A native of Grand Rapids, Hannah was most noted for expanding Michigan State from a respected regional undergraduate-oriented institution into a comprehensive national  research university, and for helping to get Michigan State into the Big Ten Conference. He was also the first chairman of the United States Commission on Civil Rights.

Hannah became president of Michigan State College in 1941. He thus began the largest expansion in the school's history, with the help of the 1945 G.I. Bill, which helped World War II veterans get an education. During this time the university grew by leaps and bounds to accommodate an ever-growing influx of students. One of Hannah's strategies was to build a new residence hall, enroll enough students to fill it, and use the income to start construction on a new dormitory. Under Hannah's plan, enrollment increased from 15,000 in 1950 to 38,000 in 1965.

While he worked on increasing the size of M.S.C.'s student body, Hannah also expanded the institution from a college of regional reputation into a nationally recognized research university.
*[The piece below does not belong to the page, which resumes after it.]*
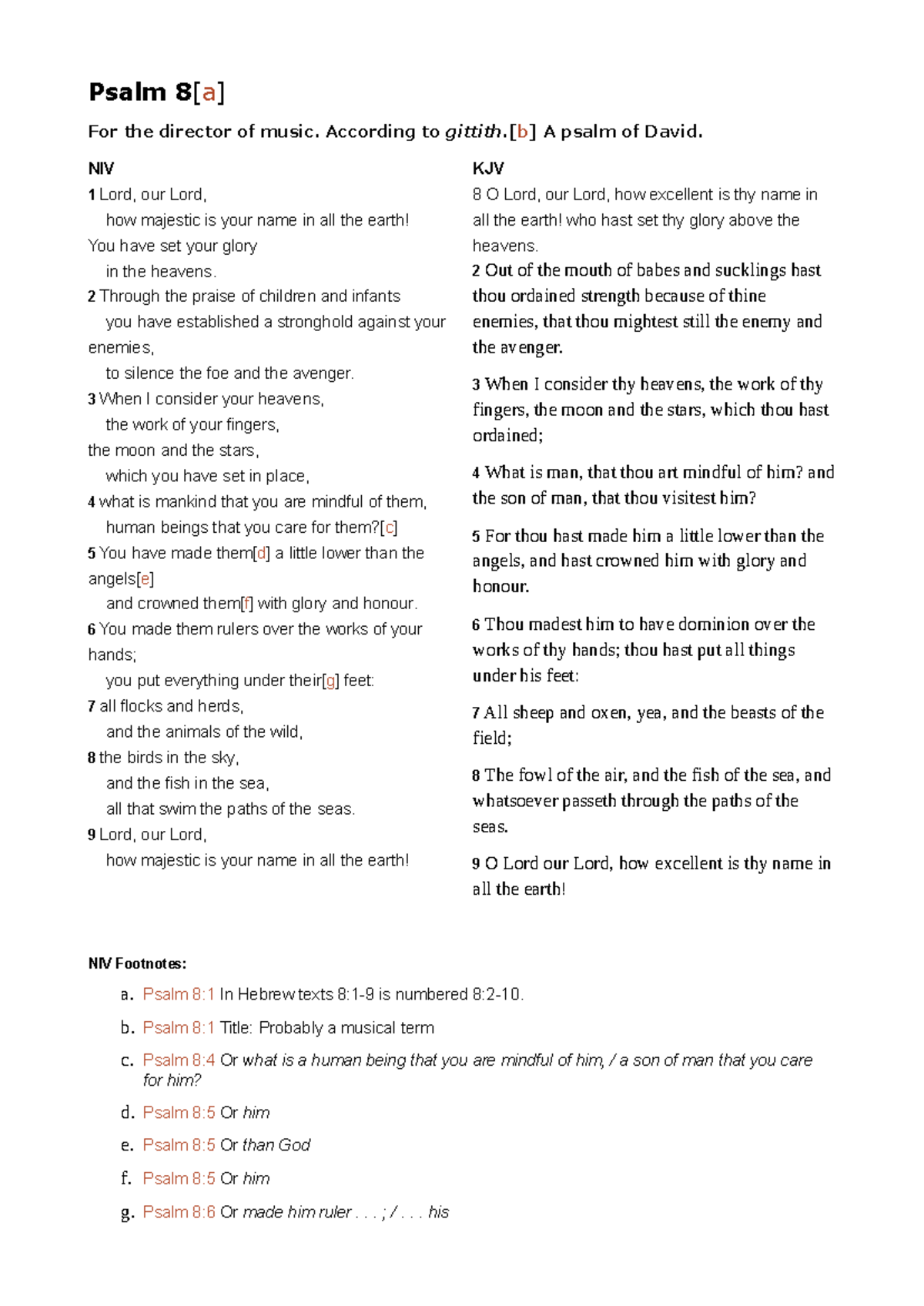 Psalm 8: A Bible Study on God's Majesty and Human Dignity - Studocu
When the University of Chicago eliminated its athletics and resigned from what is now the Big Ten Conference in 1946, Hannah lobbied hard to take its place. The Big Ten finally admitted M.S.C. in 1950. Five years later, on the College's centennial year of 1955, the State of Michigan made it a university. In 1957 he continued M.S.U.'s expansion co-founding Michigan State University–Oakland (now Oakland University) with Matilda Dodge Wilson. The Hannah Hall of Science on Oakland University's campus is named for him.  Michigan State University continued to expand throughout the 1960s, completing its newest dormitory in 1967. None have been built since.
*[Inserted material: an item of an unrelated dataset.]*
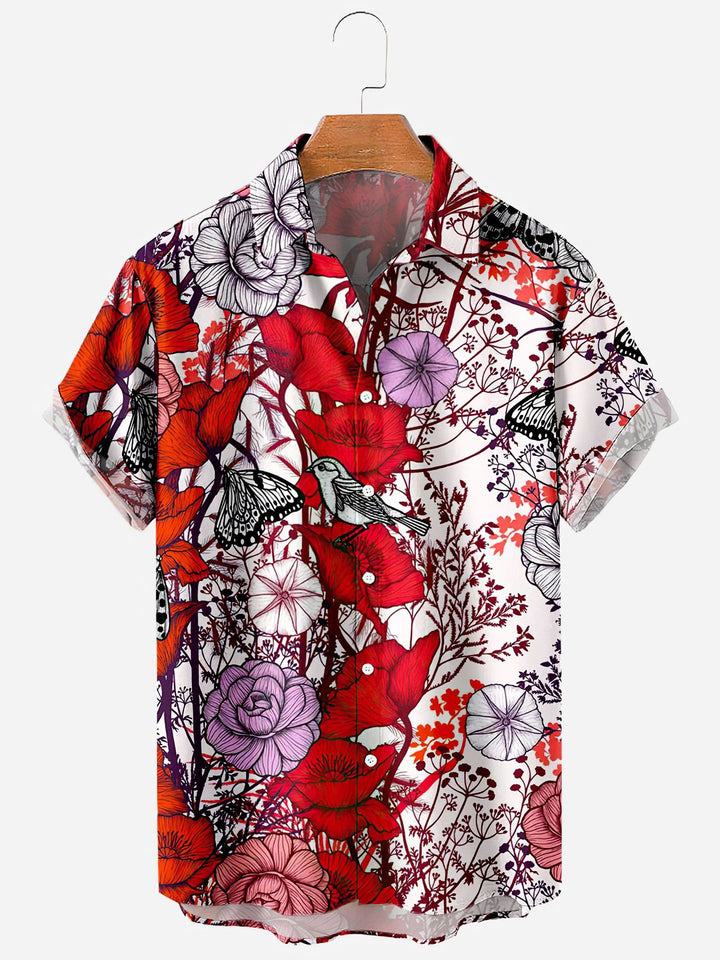Camicia uomo a maniche corte, stampa floreale tropicale per vacanze, spiaggia e outfit estivi chic.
By 1969, Vietnam-era protests had completely reshaped the university. Much of the controversy surrounded Hannah and the University's involvement in Vietnam with the Michigan State University Group (MSUG). Hannah was accused of being responsible for allowing the CIA to involve itself in MSUG. Hannah resigned to become the head of USAID.

Legacy
The John A. Hannah Distinguished Professorship at Michigan State University was established in 1966.

As part of its sesquicentennial celebration, MSU erected a 7-foot bronze statue of Hannah in front of his namesake administration building on September 17, 2004, sculpted by California artist Bruce Wolfe.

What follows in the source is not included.